Property, Persona, and Preservation
Volume 81, No. 1, Spring 2008
By Deven R. Desai [PDF]

The intellectual property system has fostered many debates, including recent ones, regarding how the system affects access to knowledge. Yet, before one can access, one must preserve. Two interconnected problems posed by the growth of online creation illustrate the predicament. First, unlike analog creations, important digital creations such as e-mails and word-processed documents are mediated and controlled by second parties. Thus, although these creations are core intellectual property, they are not treated as such. Service providers and software makers terminate or deny access to people’s digital property all the time. In addition, when one dies, some service providers refuse to grant heirs access to this property. The uneven and unclear management of these creations means that society will lose access to perhaps the greatest chronicling of human experience ever. Accordingly, this Article investigates and sets forth the theoretical foundations to explain why and how society should preserve this property. In so doing the Article finds that a second problem, which can be understood as one of control, arises.

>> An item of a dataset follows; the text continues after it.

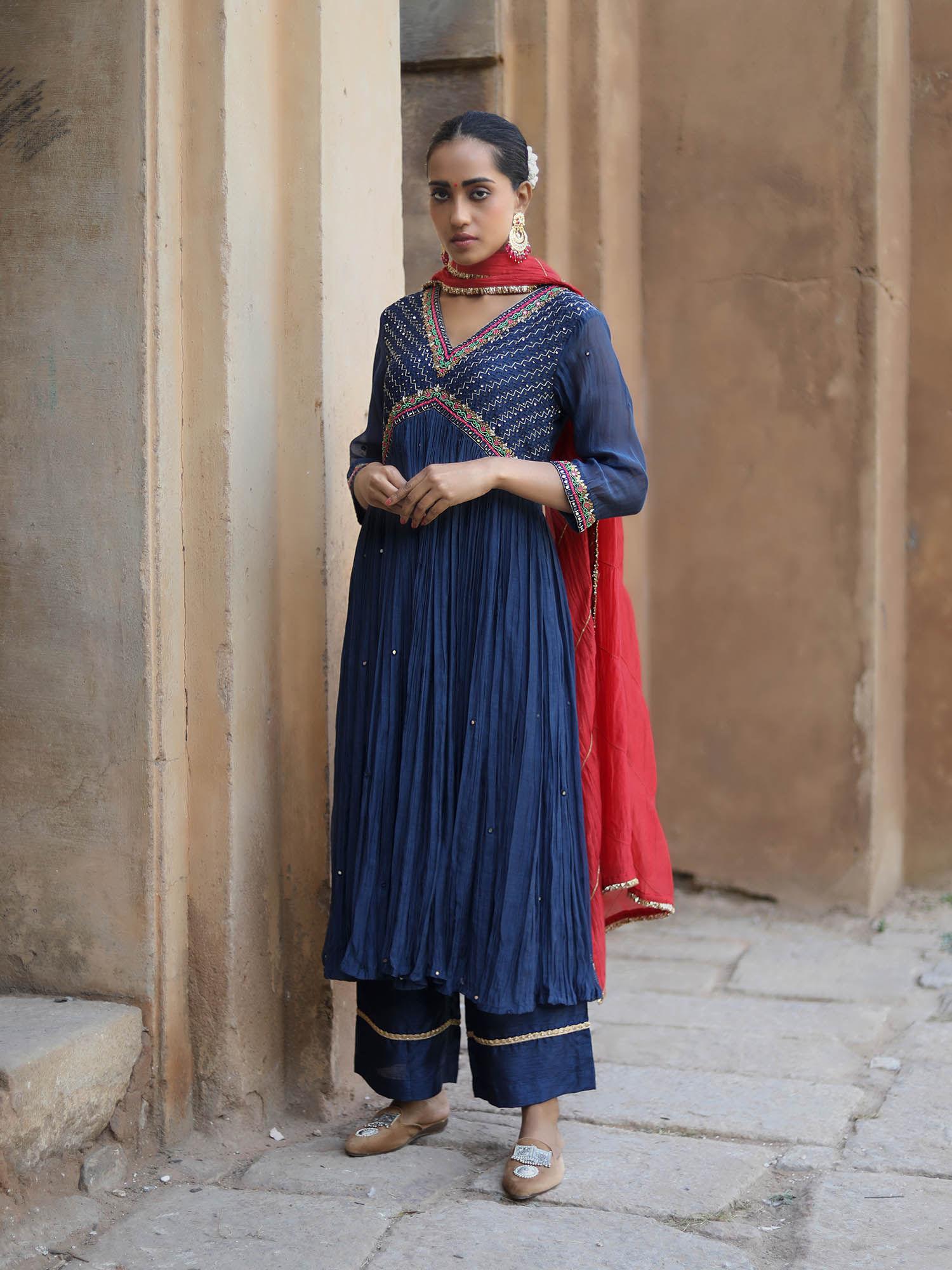 fine chanderi kurta and dupatta with cupro silk pant-navy blue (set of 3)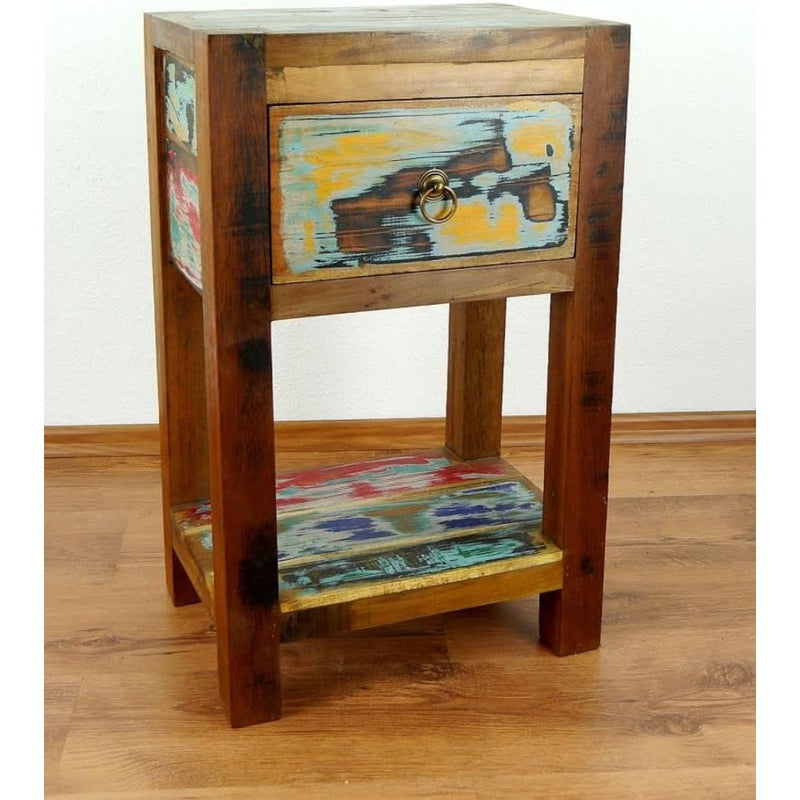Reclaimed Boat Wood Bedside Table Handmade Chest Colourful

This Article is the first in a series of works aimed at investigating the nature and extent of control one may have or exert over a work. As such, this Article begins the project by examining the normative theories behind creators’, heirs’, and society’s interests in the works. All three groups have interests in preservation, but the basis for the claims differs. In addition, an examination of the theoretical basis for these claims shows that the nature of the attention economy in conjunction with labor- and persona-based property theories support the position that in life a creator has strong claims for control over her intangible creations. Yet, the Article finds that historical and literary theory combined with recent economic theory as advanced by Professors Brett Frischmann and Mark Lemley regarding spillovers–positive externalities generated by access to ideas and information–reveals two points. First, these views support the need for better preservation of digital intellectual property insofar as it is infrastructure and has the potential for spillover effects. Second, although the creator may be best placed to manage and exert control of the works at issue, once the creator dies, literary, historical, and economic theory show that the claims for control diminish if not vanish. The explication and implications of this second point are explored elsewhere. This Article lays the groundwork for seeing that creators may need and have powerful claims for access and control over their works but that these same claims are necessarily limited by an understanding of the nature of creation and creative systems. The dividing line falls between life and death. The life and death distinction that this Article offers seeks to balance creators’ interests in control over a work and society’s interests in fostering later expressions and creations of new works. This Article examines the life side of the line.